Book Report: Down and Out in the Magic Kingdom by Cory Doctorow (2003)

Book coverI bought this book six years ago because I recognized Doctorow’s name from the Internet. In those six years, I have read a pile of Executioner novels acquired that same day before picking this book up. In the interim, I forgot it was a novel, and I initially placed it in my carry bag last week to read at the martial arts school while my kids were in class (and I was not, as I recovered from the memorial stair climb).

But it is a novel, and to sum up: Nothing of consequence happens in an interesting world.

The extrapolated world has people constantly jacked into the Internet, extreme body modifications, and sort-of immortality via consciousness backup and restore to a clone. People live not on cash, but a currency based on social media reputation called Whuffies–if you do a lot of things that people on the Internet value, you have a lot of doors open to you, but if you do not, well, you’re on hard times. Down and out, one might say.
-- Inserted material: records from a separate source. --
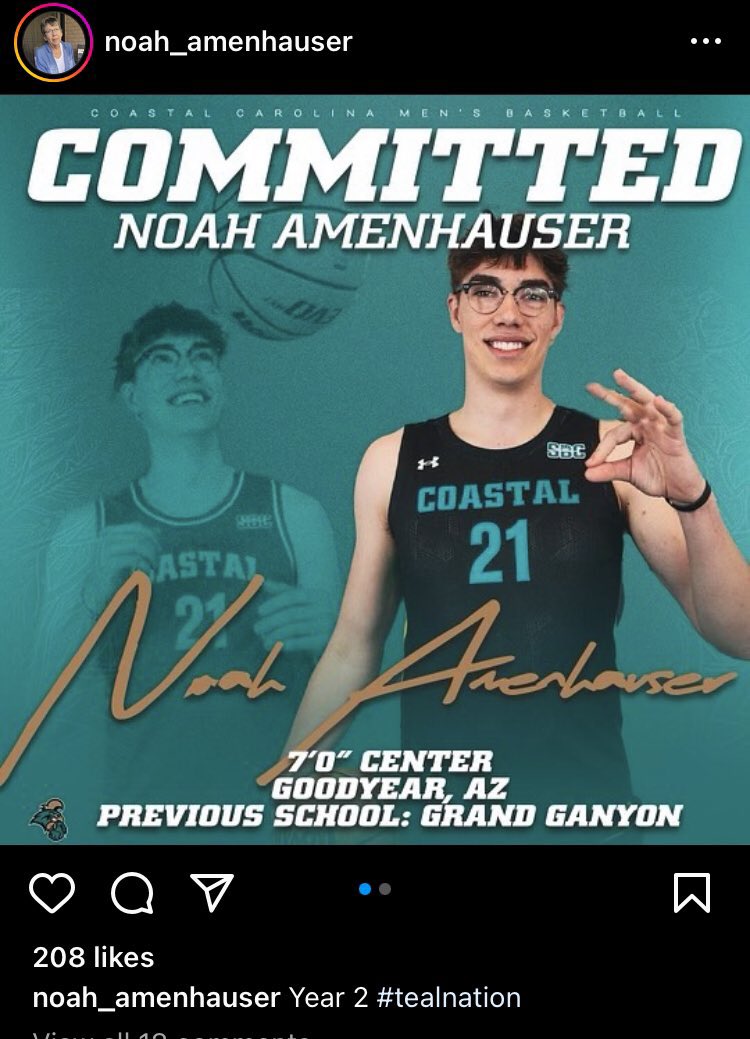 Noah Amenhauser has announced he’s transferring to Coastal Carolina.

Wishing him nothing but the best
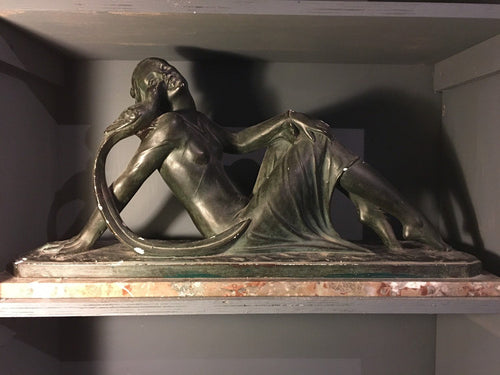 Art Deco French Bronzed Plaster Nude Figurine on Marble Signed “M.SECONdO” - French General Trading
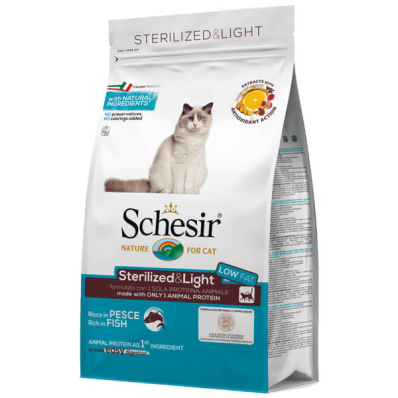 Schesir Cat Sterilized & Light Fish Сухой корм для стерилизованных кошек и кастрированных кошек склонных к полноте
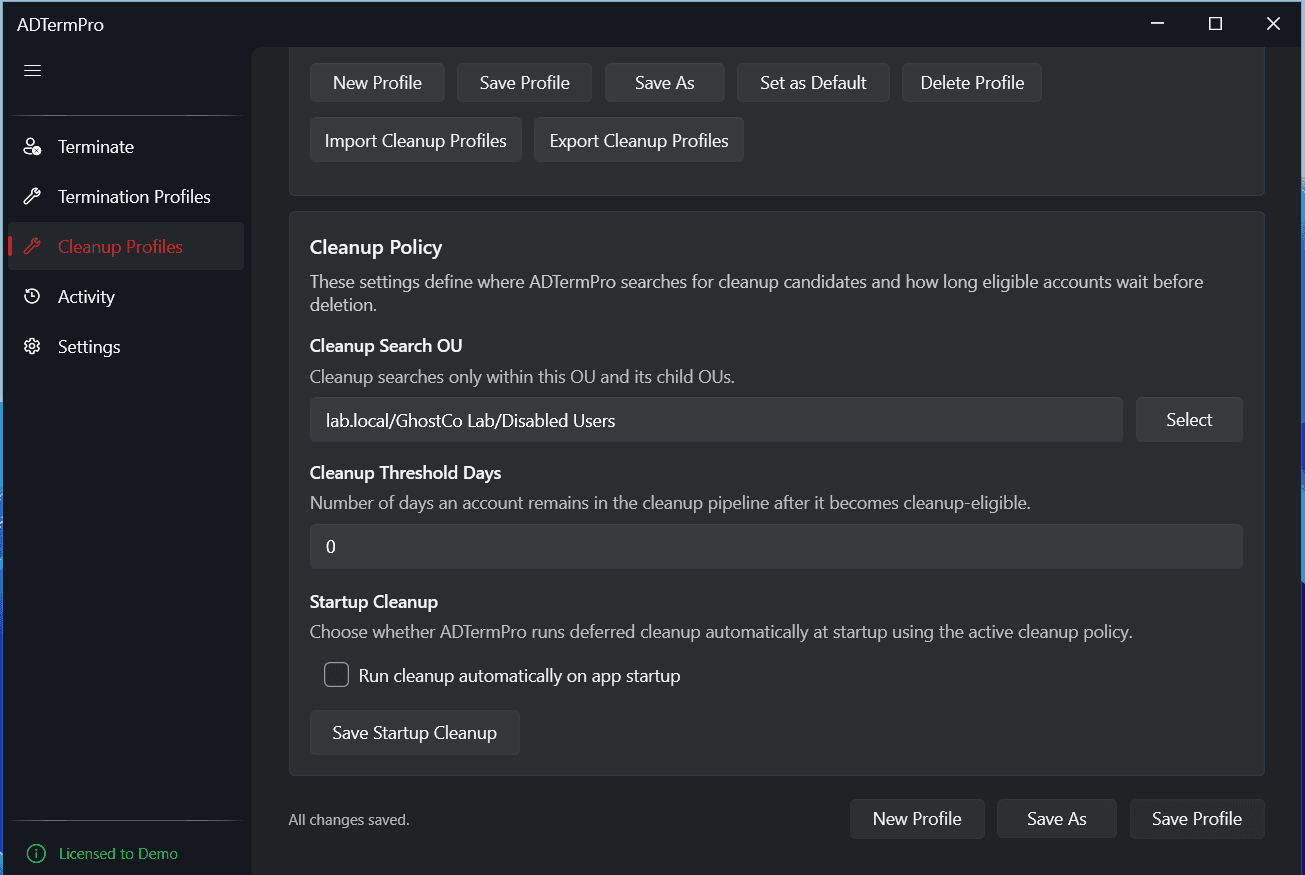 AD Term Pro cleanup configuration page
The narrator begins by recounting how he met his best friend, and then the main narrative explains that he (the narrator) returns periodically to Disney World after various adventures. His friend returns, out of Whuffies, and talks again about permanently ending his life. The narrator convinces his friend to not go out on the bottom, but to rebuild his reputation and to go out at his peak. So the two work with the narrator’s girl friend to manage part of the park.

The park itself is run by various ad-hocracies, like-minded individuals who come together to do things guided by people on social media who reward them with likes–and Whuffies–for good ideas. Another attraction developer moves into Liberty Square and threatens the status quo with new technologies–and someone murders the narrator, which makes the narrator go a little off in his defense of the status quo.

Spoiler alert: At the end, status quo is maintained. As I mentioned, nothing of consequence happens in an interesting world.

I’m not sure if the intended message is that nobody can move forward or change in such a society, but that’s what I took from it.

At a little over 200 pages, it’s a pretty quick read, and narratively, it pulls you along. So pleasant, but meaningless.